Diana with the nymphs
Enamel plate, cm 6.5 x 14.5
The precious polychrome enamel plaque belongs to the manufacturing production of the city of Limoges and can be placed in the eighteenth century. The long history of craftsmanship and artistic arts in the city can be traced back to the Middle Ages, with beautiful objects made of vitreous enamel using the technique called champlevé, up to the Art Nouveau and then the twentieth century. The success both in medieval and renaissance courts before and against the nineteenth-century high bourgeoisie, passing through the European nobility of the seventeenth and eighteenth centuries, shows the extreme appreciation for the shops of the city, able to innovate their own processing techniques and materials.
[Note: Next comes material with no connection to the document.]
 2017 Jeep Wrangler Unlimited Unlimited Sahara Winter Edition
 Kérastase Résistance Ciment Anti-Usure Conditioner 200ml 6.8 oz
From enamel to precious metals, from hard stones to porcelain, the masters of the Limoges have constantly maintained a high quality level, finding its way into the export of their works to countries all over Europe and to the most disparate clientele. This plate is part of a centuries-old history, made of craftsmen and workshops passed from father to son for generations without ever losing value in the workmanship and following the taste of each era. In this case the subject represents the goddess Diana, recognizable by the crescent on her forehead and by the hunting weapons scattered throughout the composition, together with the nymphs faithful to her as she rests along the banks of a stream. The bucolic landscape is perfectly matched to the figure of the goddess of hunting, immersed in a forest that opens into a wide clearing interrupted by low hills in the background.